◆ Work instructions
Reproduce the material below only from the line with "舜为尧+司徒叔叔主播照片" to the line with "ESSENTIEL B Mini congélateur ECM50-45HOB1", both included, keeping each line exact and dropping the pictures.

◆ Data under study
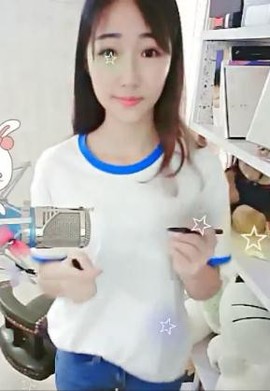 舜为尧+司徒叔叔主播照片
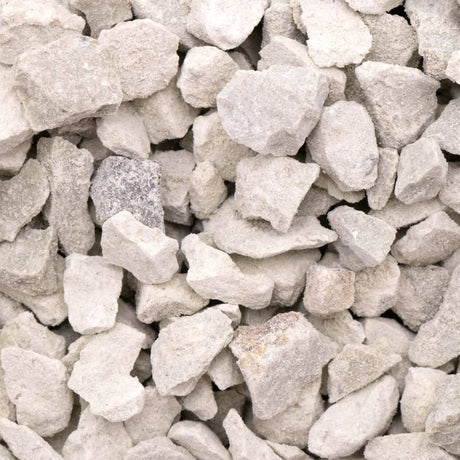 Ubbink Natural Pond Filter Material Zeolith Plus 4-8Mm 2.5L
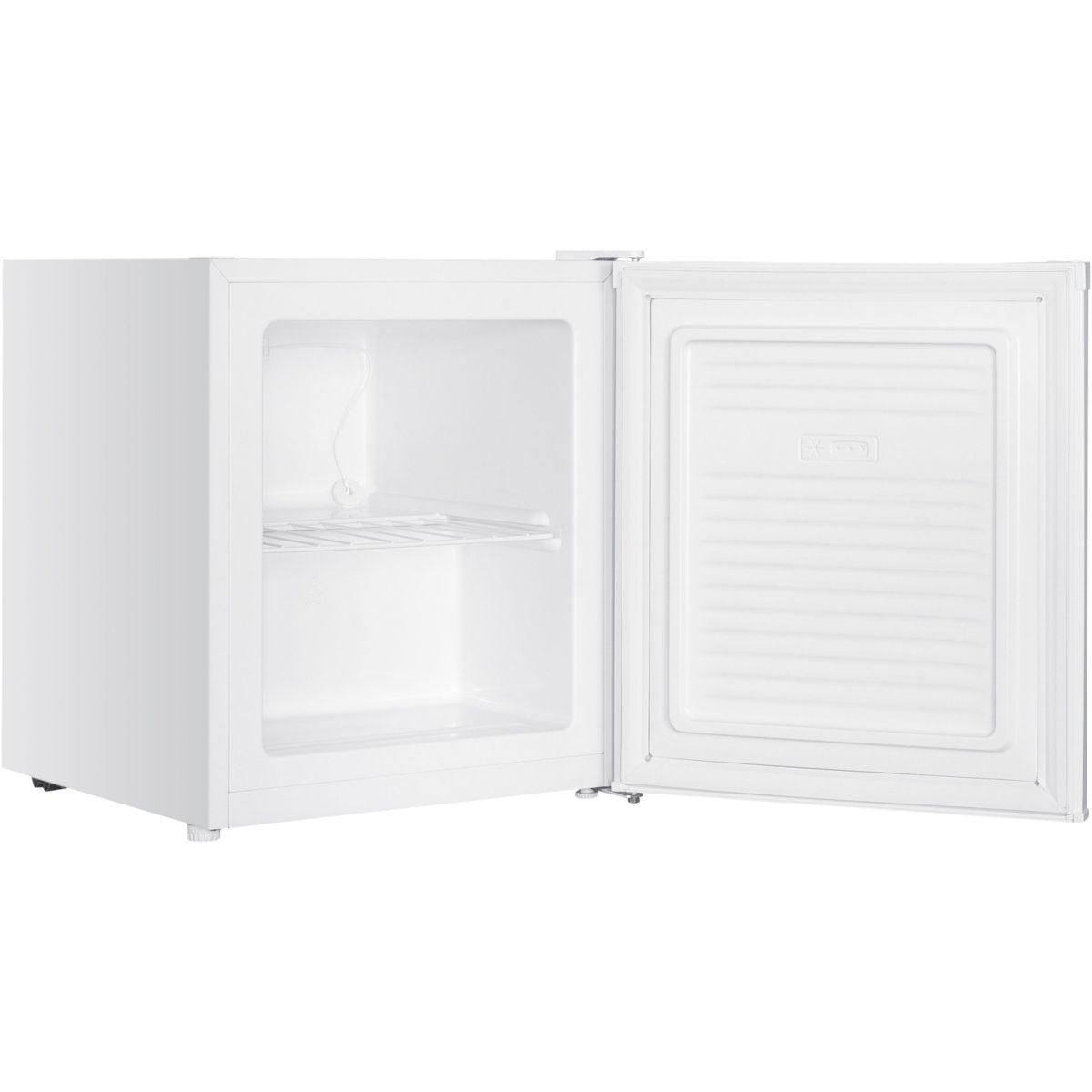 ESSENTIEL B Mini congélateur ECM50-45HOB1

---

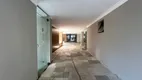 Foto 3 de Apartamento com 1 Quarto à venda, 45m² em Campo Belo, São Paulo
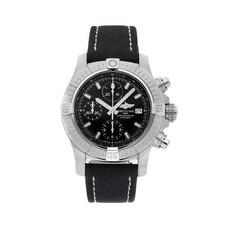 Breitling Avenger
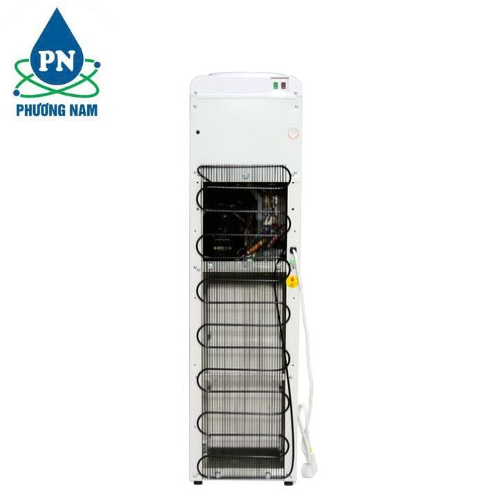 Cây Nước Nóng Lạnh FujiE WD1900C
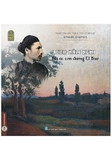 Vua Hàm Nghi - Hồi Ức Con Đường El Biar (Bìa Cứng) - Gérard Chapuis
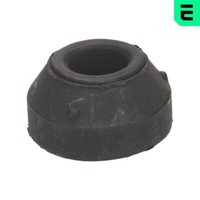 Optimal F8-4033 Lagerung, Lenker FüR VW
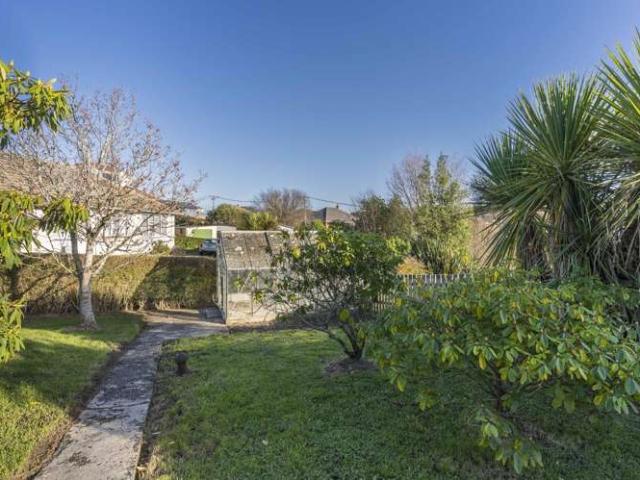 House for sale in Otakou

◆ Answer space
 舜为尧+司徒叔叔主播照片
 Ubbink Natural Pond Filter Material Zeolith Plus 4-8Mm 2.5L
 ESSENTIEL B Mini congélateur ECM50-45HOB1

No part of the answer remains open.